Overwriting map_parallel.py

!python map_parallel.py

Loading in the data took ~5.03 seconds

"""
we load the images back in, in practice one would perform the analysis
in the python script and store the results of the analysis in storage.
"""

images = np.load('images.npy')
images.shape

(1000, 424, 424, 3)

We can see that when using 4 cores the time taken to load in the data is ~3-4x faster! The reason it is not exactly 4x faster is because one of the processors used in the pool is used to manage the process pool. One can use as many workers in the process pool as they have processors available in their hardware.

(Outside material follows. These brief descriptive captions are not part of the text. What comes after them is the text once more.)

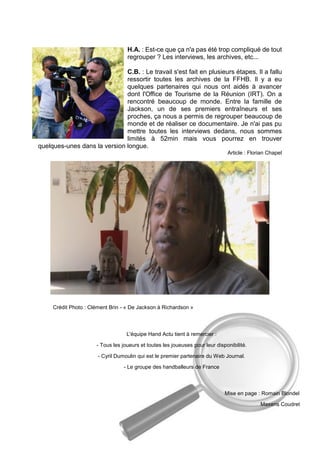 H.A. : Est-ce que ça n'a pas été trop compliqué de tout regrouper ? Les interviews, les archives, etc... 
C.B. : Le travail s'est fait en plusieurs étapes. Il a fallu ressortir toutes les archives de la FFHB. Il y a eu quelques partenaires qui nous ont aidés à avancer dont l'Office de Tourisme de la Réunion (IRT). On a rencontré beaucoup de monde. Entre la famille de Jackson, un de ses premiers entraîneurs et ses proches, ça nous a permis de regrouper beaucoup de monde et de réaliser ce documentaire. Je n'ai pas pu mettre toutes les interviews dedans, nous sommes limités à 52min mais vous pourrez en trouver quelques-unes dans la version longue. 
Article : Florian Chapel 
Crédit Photo : Clément Brin - « De Jackson à Richardson » 
L'équipe Hand Actu tient à remercier : 
- Tous les joueurs et toutes les joueuses pour leur disponibilité. 
- Cyril Dumoulin qui est le premier partenaire du Web Journal. 
- Le groupe des handballeurs de France 
Mise en page : Romain Blondel 
Maxens Coudret 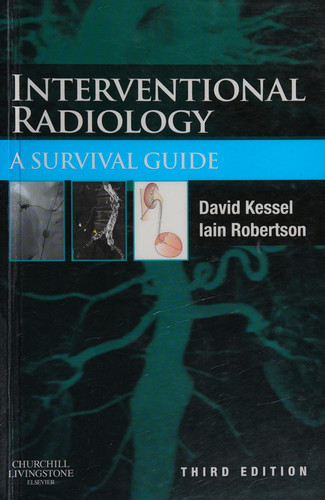 Interventional Radiology A Survival Guide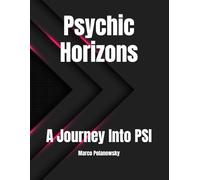 Psychic Horizons: A Journey Into PSI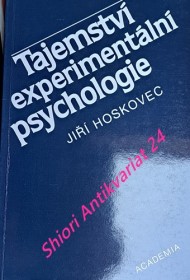 TAJEMSTVÍ EXPERIMENTÁLNÍ PSYCHOLOGIE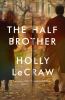 Go to record The half brother : a novel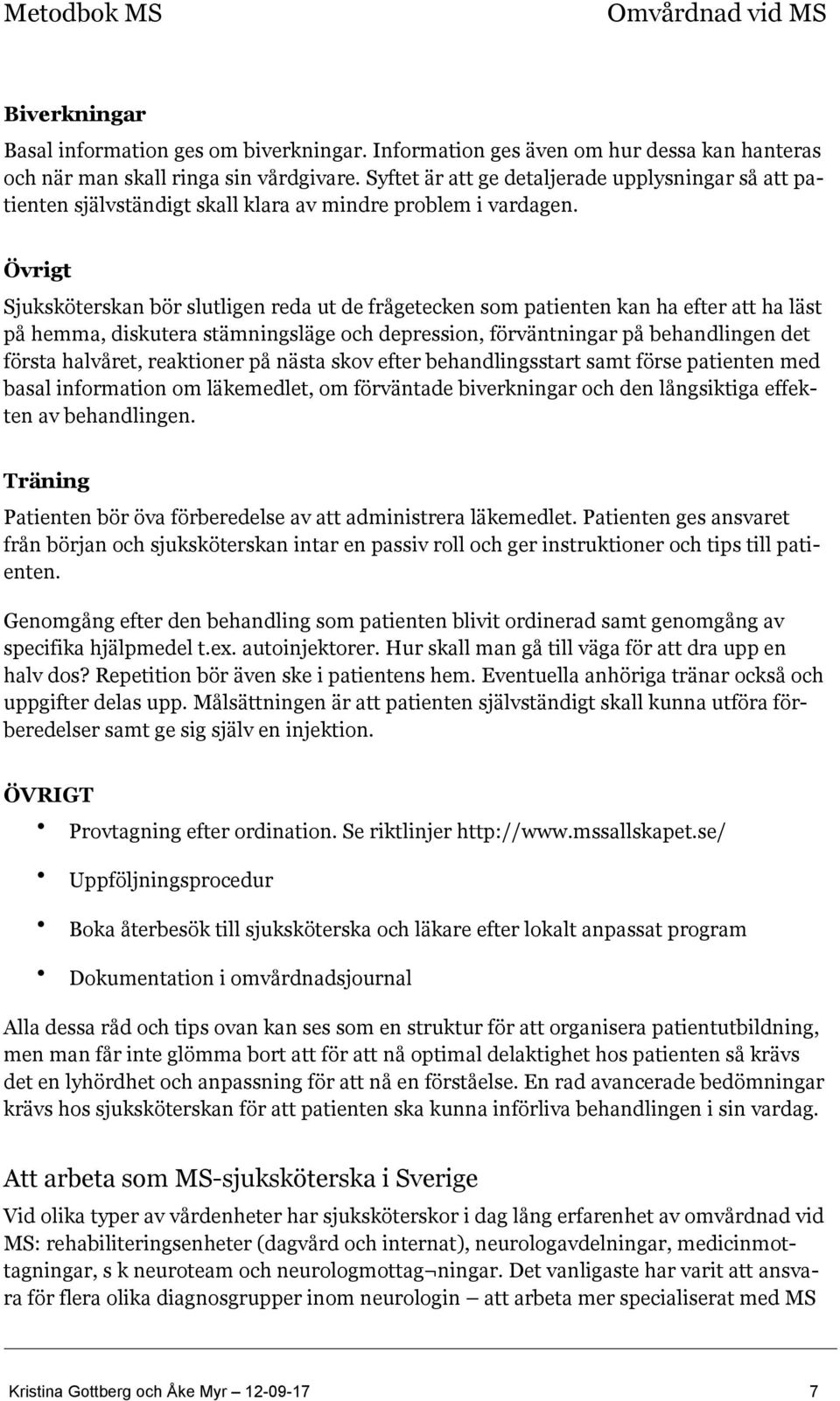 Övrigt Sjuksköterskan bör slutligen reda ut de frågetecken som patienten kan ha efter att ha läst på hemma, diskutera stämningsläge och depression, förväntningar på behandlingen det första halvåret,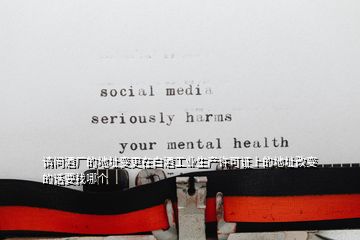 請問酒廠的地址變更在白酒工業生產許可證上的地址改變的話要找哪個
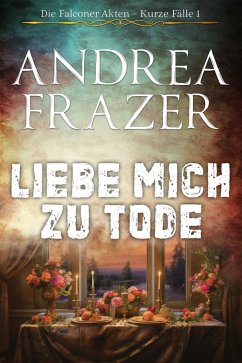 Liebe mich zu Tode (eBook, ePUB) - Frazer, Andrea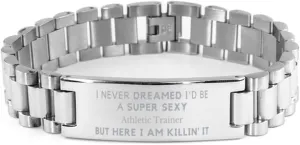 Funny Athletic Trainer Gifts, I Never Dreamed I'd Be A Super Sexy Athletic Trainer Birthday Christmas Ladder Stainless Steel Bracelet for Coworker. Cool and Unique Athletic Trainer Gifts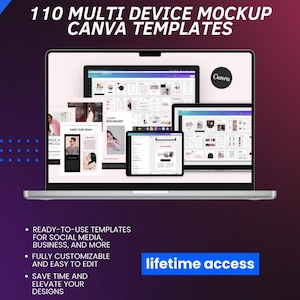 Pode incluir: Um laptop exibe várias maquetes digitais, incluindo um tablet e um smartphone, mostrando modelos Canva. A imagem inclui o texto "110 MULTI DEVICE MOCKUP CANVA TEMPLATES" e "lifetime access". Os modelos estão prontos para uso e são totalmente personalizáveis.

The ProcessPoolExecutor is an abstract object in the concurrent.futures module that uses a pool of processes to execute function calls asynchronously. ProcessPoolExecutor uses the multiprocessing module, which allows it to side-step the Global Interpreter Lock that makes parallelization in python frustratingly overcomplicated but also means that only picklable objects can be executed and returned. It is also possible to use concurrent.futures to do multithreading related tasks with a ThreadPoolExecutor, for a review on the difference between these two topics we refer to this article on multiprocessing vs. multithreading.

Exercises#

Exercise 1

Write your own python script which uses concurrent.futures to run a mock “analysis” pipeline on all 1000 images using the pipeline() function written below.

def pipeline(image):
    """
    a mock pipeline analysis function which we wish 
    to apply to each image in our stack.
    """
    nx, ny = image.size
    
    weighted_sum = 0
    for i in range(nx):
        for j in range(ny):
            weighted_sum += np.sin(image[i, j])
    
    return weighted_sum

Exercise 2

Use your own concurrent.futures analysis pipeline framework code from the first exercise to make a new analysis pipeline where you compute the median brightness in each color filter. Make a histogram of the median brightness for each filter (R,G,B) across all 1000 images. What do you see in the distributions?